* What the exercise asks
From the entries below, reproduce exactly the line containing "Faux Leather Placemats", the line containing "Έπιπλο εισόδου Nafdo", and every line in between, with nothing added.

* Records for this task
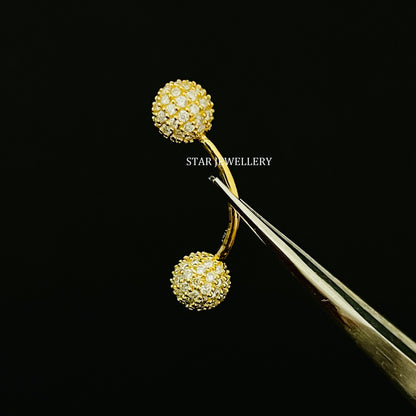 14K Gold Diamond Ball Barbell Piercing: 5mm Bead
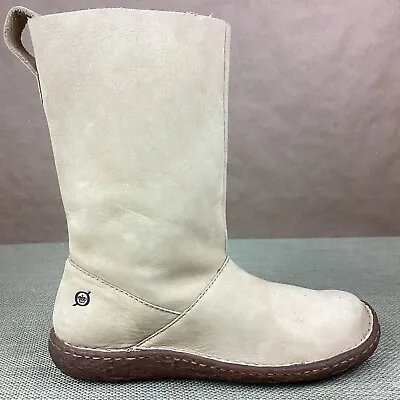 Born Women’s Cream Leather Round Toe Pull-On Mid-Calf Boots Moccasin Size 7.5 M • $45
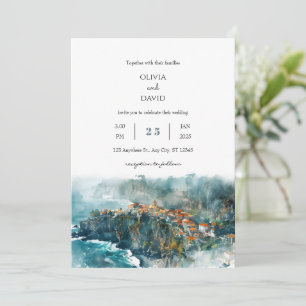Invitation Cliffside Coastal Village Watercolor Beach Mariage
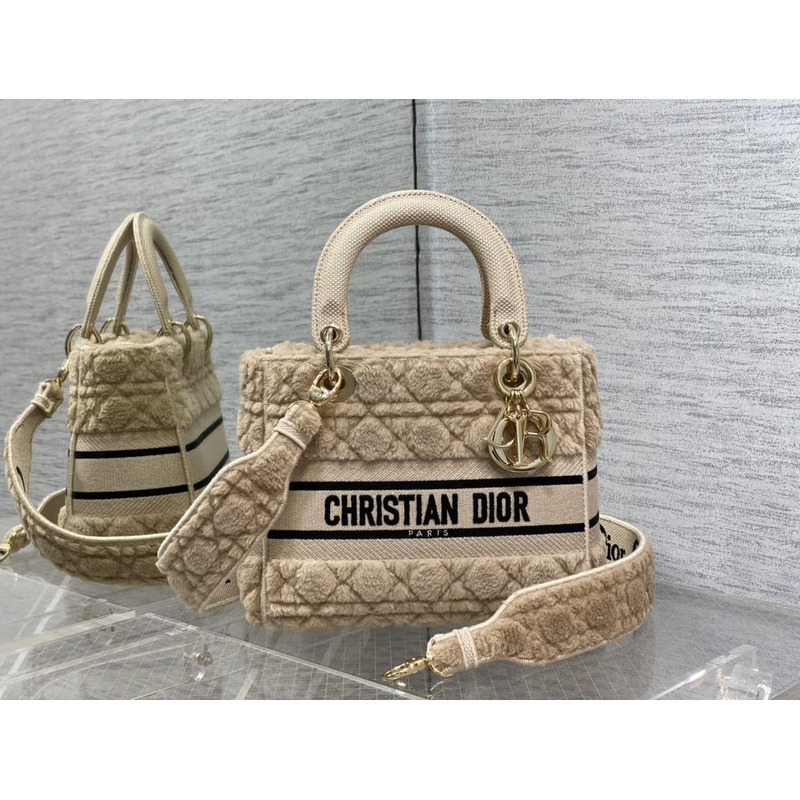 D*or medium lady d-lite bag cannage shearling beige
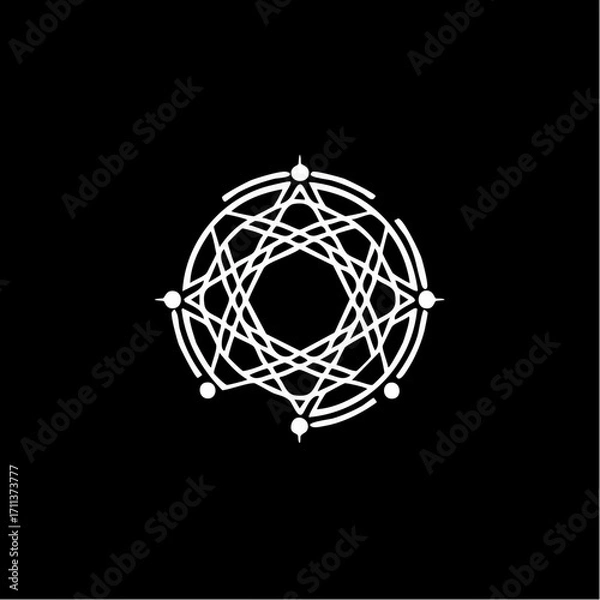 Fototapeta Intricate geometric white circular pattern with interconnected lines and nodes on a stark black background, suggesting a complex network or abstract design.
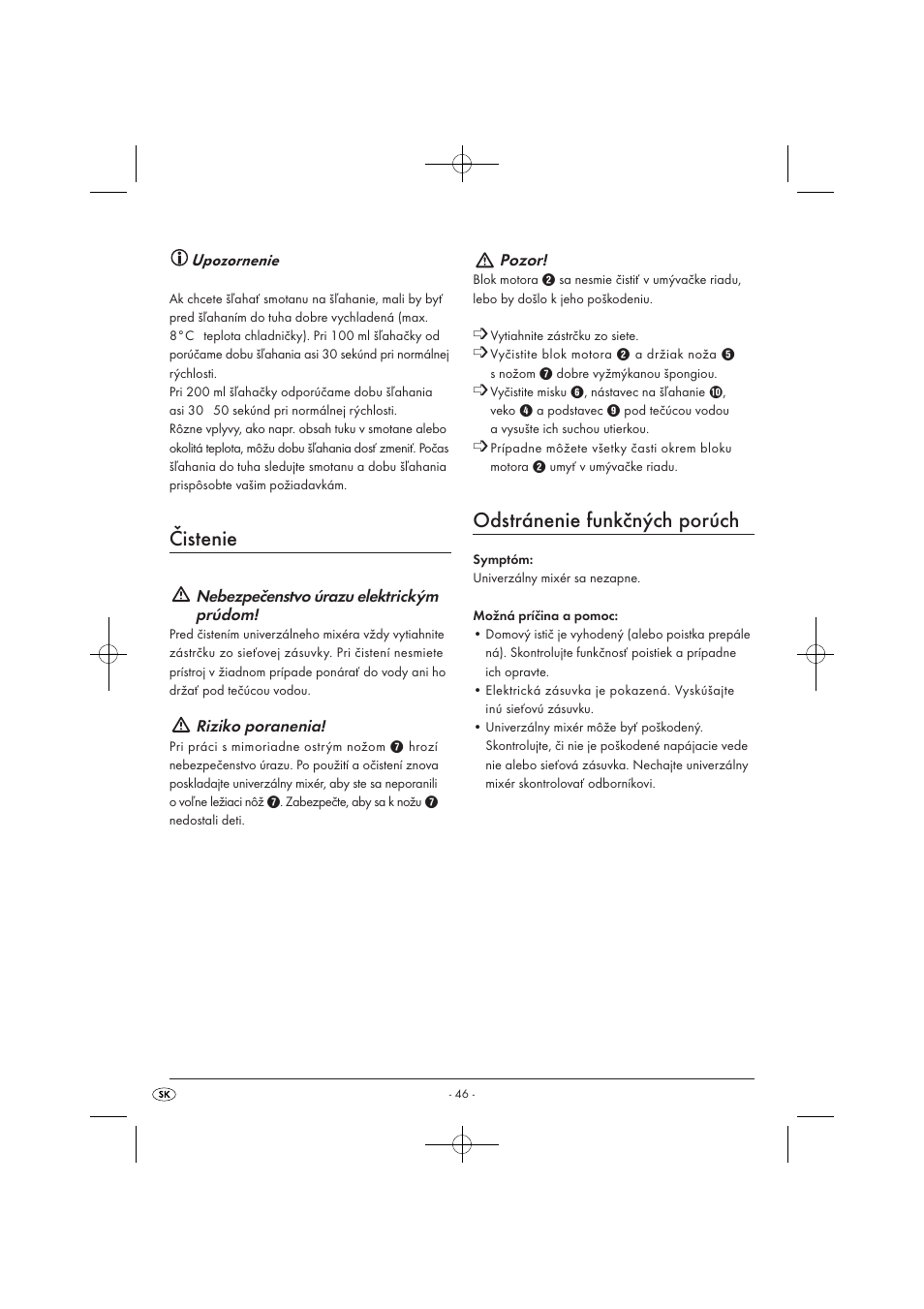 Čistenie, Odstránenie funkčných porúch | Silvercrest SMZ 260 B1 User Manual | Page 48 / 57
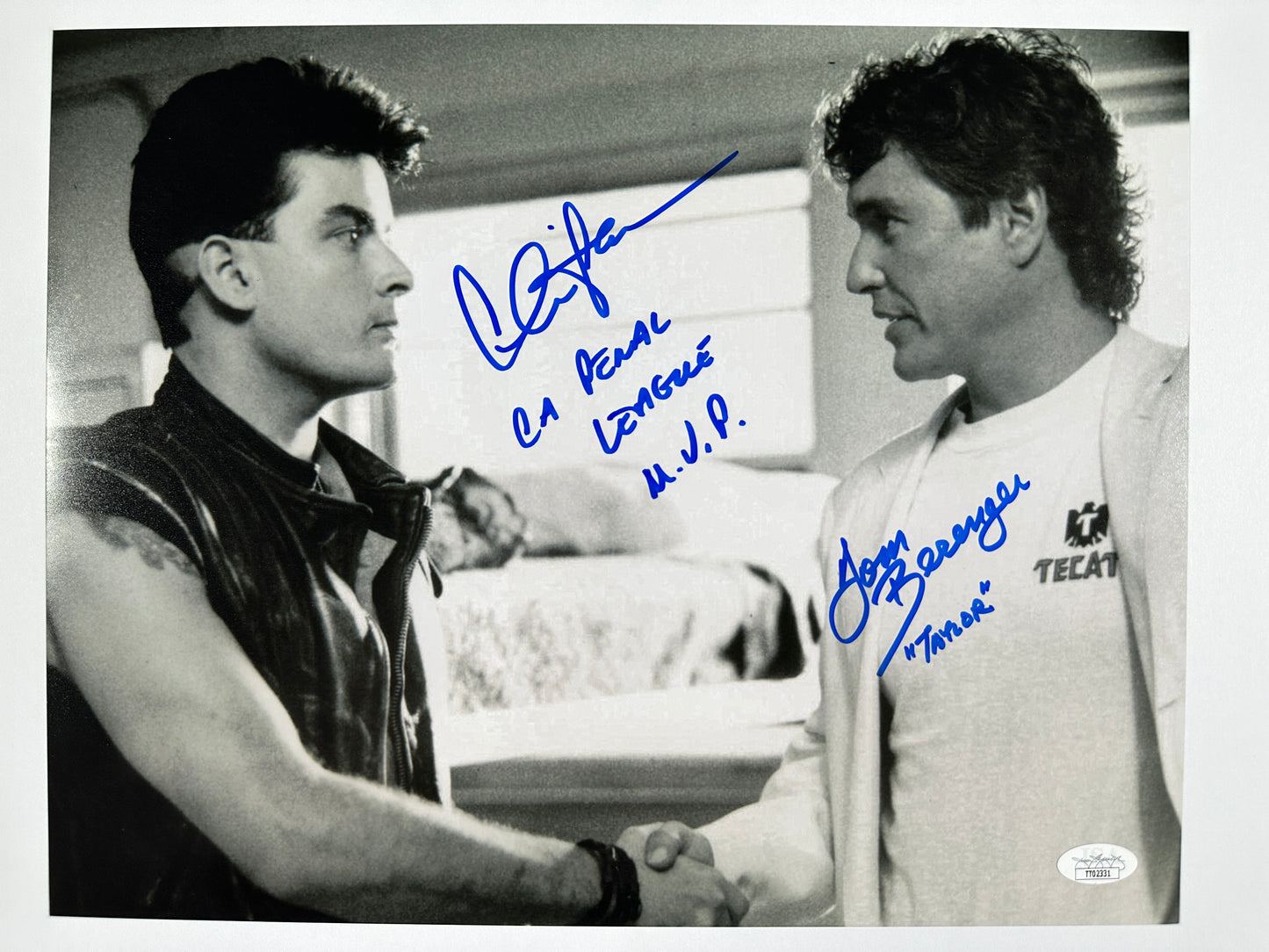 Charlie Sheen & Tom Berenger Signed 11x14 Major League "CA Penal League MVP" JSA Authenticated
--
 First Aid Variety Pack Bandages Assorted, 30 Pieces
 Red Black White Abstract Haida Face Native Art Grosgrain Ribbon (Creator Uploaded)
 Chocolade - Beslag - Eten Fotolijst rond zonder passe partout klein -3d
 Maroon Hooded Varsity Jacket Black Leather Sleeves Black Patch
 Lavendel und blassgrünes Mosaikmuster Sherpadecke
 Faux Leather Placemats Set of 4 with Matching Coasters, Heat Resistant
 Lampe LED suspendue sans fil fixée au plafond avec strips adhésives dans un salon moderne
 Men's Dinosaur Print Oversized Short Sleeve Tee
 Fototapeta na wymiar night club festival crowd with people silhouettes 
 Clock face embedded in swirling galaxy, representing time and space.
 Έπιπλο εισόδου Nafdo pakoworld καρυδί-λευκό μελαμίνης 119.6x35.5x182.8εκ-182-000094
...
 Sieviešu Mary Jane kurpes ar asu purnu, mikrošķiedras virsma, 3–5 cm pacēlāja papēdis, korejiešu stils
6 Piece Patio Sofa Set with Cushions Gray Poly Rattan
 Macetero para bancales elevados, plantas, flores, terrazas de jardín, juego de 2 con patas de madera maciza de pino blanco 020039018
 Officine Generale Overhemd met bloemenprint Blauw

* Answer to the exercise
 Faux Leather Placemats Set of 4 with Matching Coasters, Heat Resistant
 Lampe LED suspendue sans fil fixée au plafond avec strips adhésives dans un salon moderne
 Men's Dinosaur Print Oversized Short Sleeve Tee
 Fototapeta na wymiar night club festival crowd with people silhouettes 
 Clock face embedded in swirling galaxy, representing time and space.
 Έπιπλο εισόδου Nafdo pakoworld καρυδί-λευκό μελαμίνης 119.6x35.5x182.8εκ-182-000094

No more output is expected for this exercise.